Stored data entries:
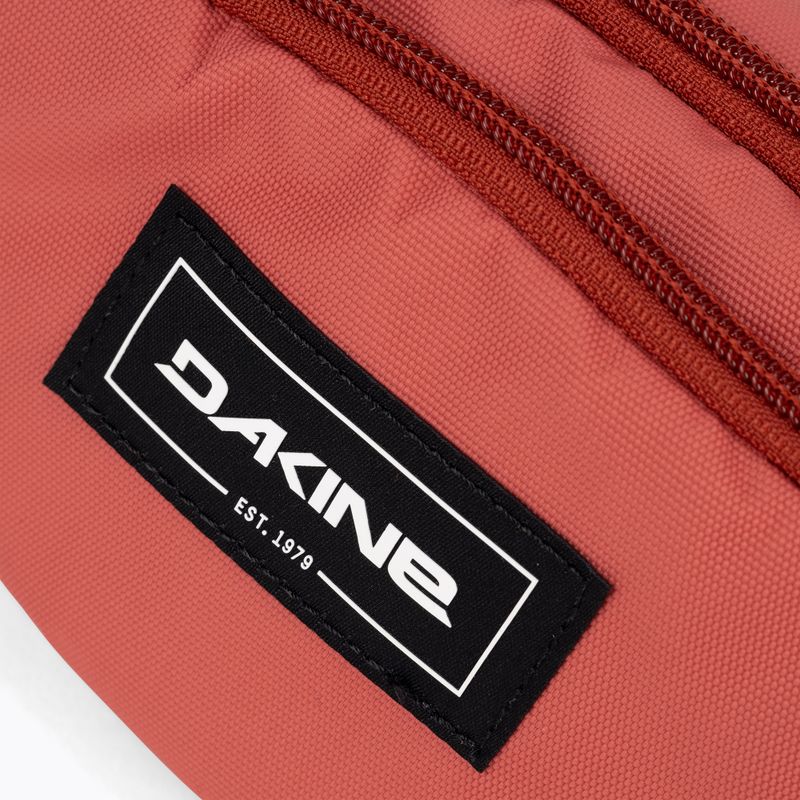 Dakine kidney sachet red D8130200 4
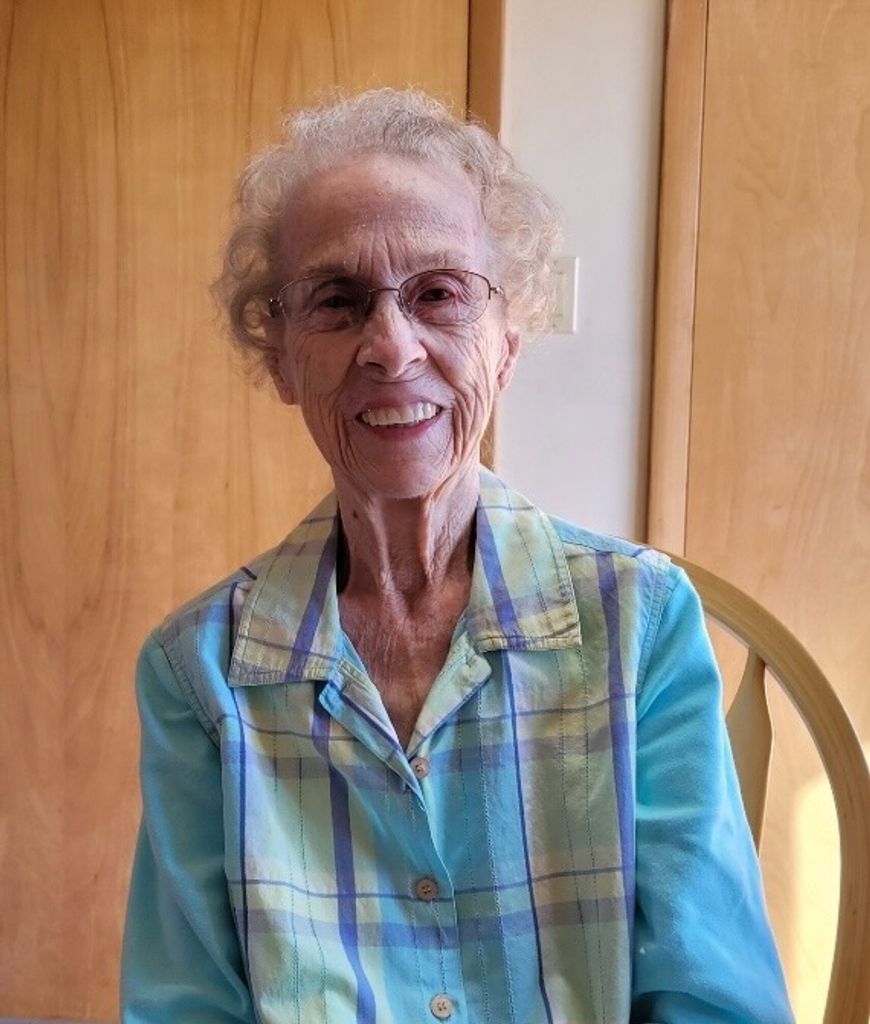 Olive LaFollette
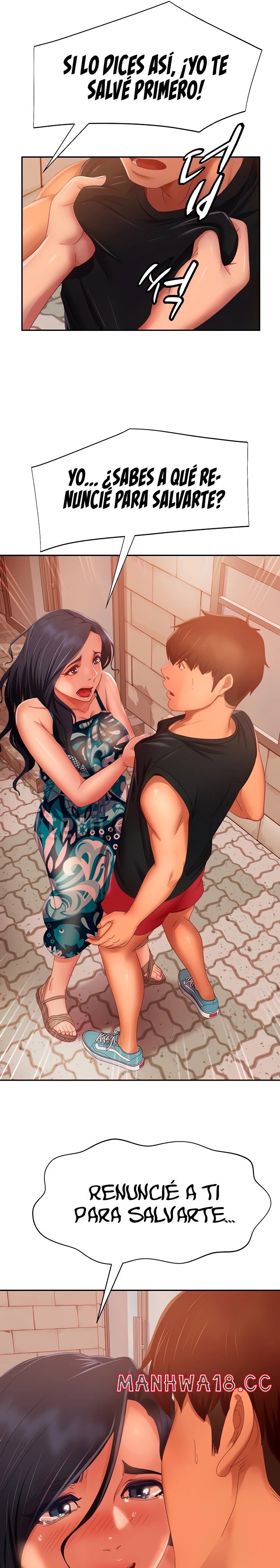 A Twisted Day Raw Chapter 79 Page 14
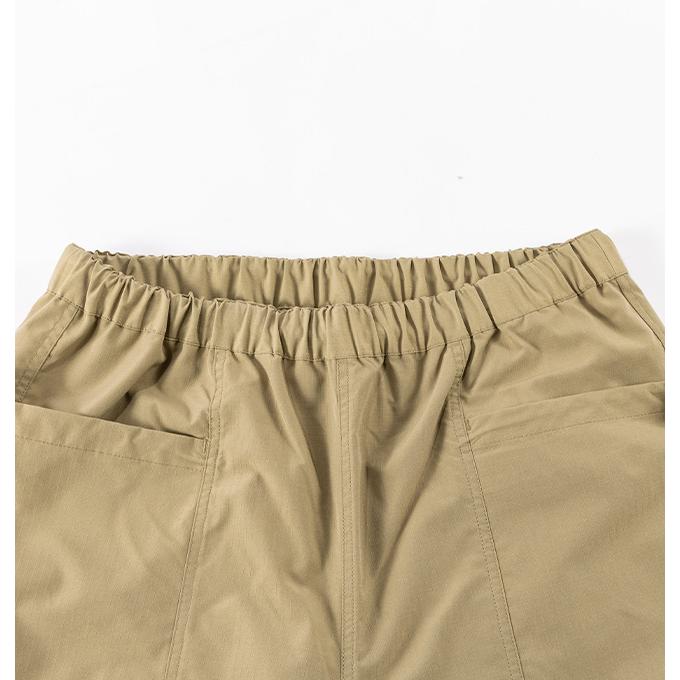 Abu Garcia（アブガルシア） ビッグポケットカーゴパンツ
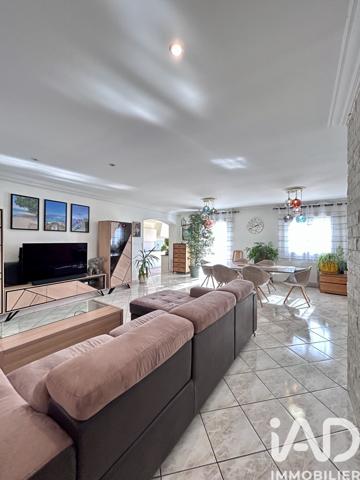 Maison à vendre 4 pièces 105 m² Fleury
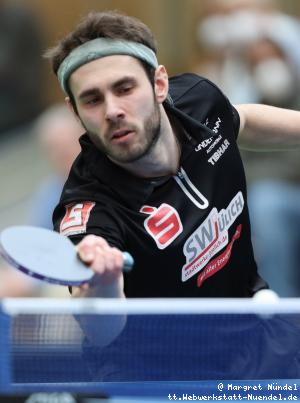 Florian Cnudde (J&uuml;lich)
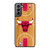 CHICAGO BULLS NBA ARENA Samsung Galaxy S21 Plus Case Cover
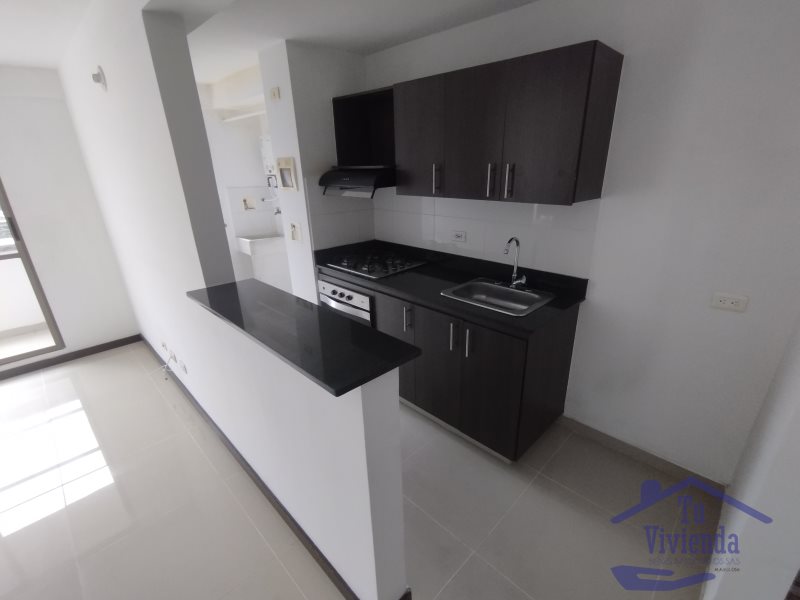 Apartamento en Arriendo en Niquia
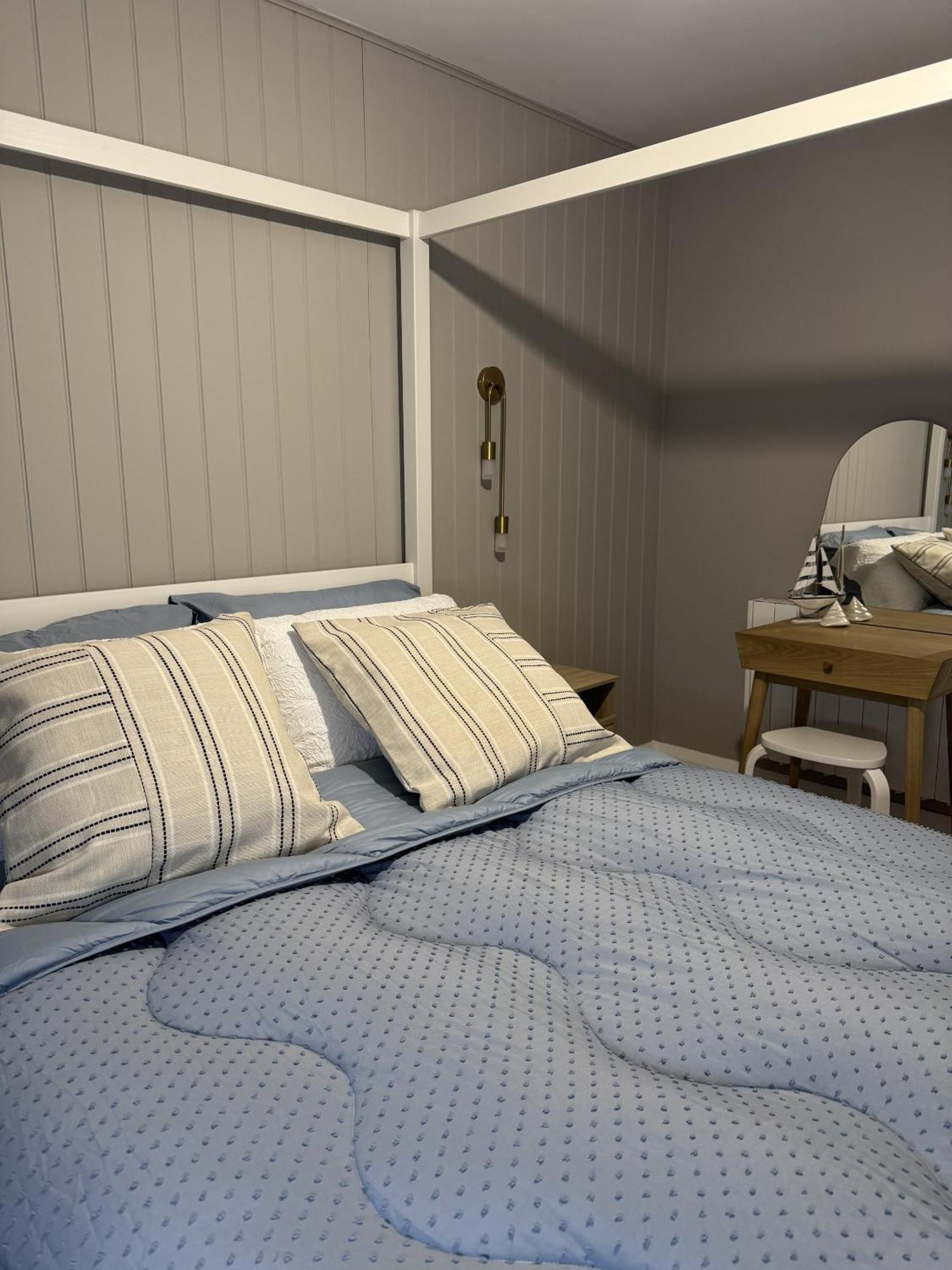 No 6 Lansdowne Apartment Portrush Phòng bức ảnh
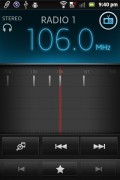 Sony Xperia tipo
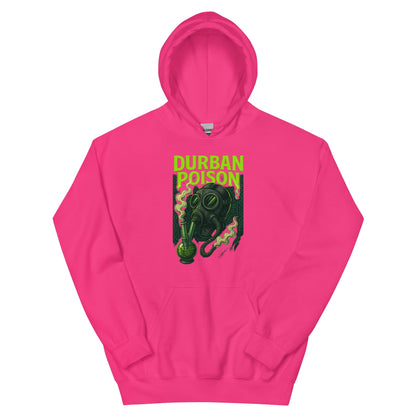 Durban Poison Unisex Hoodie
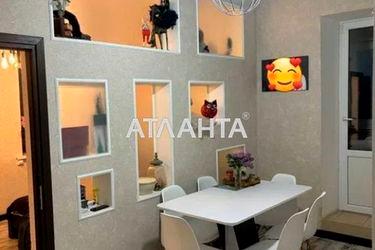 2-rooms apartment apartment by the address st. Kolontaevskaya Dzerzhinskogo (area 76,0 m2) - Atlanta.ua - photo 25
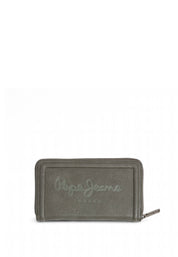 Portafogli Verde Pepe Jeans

INSTRUCTIONS FOR THE TASK: Leave out all pictures and retype precisely the lines that run from the line containing "Apartamento en Arriendo en Niquia" to the last line of the records.

OUTPUT:
 Apartamento en Arriendo en Niquia
 No 6 Lansdowne Apartment Portrush Phòng bức ảnh
 Sony Xperia tipo
 Durban Poison Unisex Hoodie
 2-rooms apartment apartment by the address st. Kolontaevskaya Dzerzhinskogo (area 76,0 m2) - Atlanta.ua - photo 25
 Portafogli Verde Pepe Jeans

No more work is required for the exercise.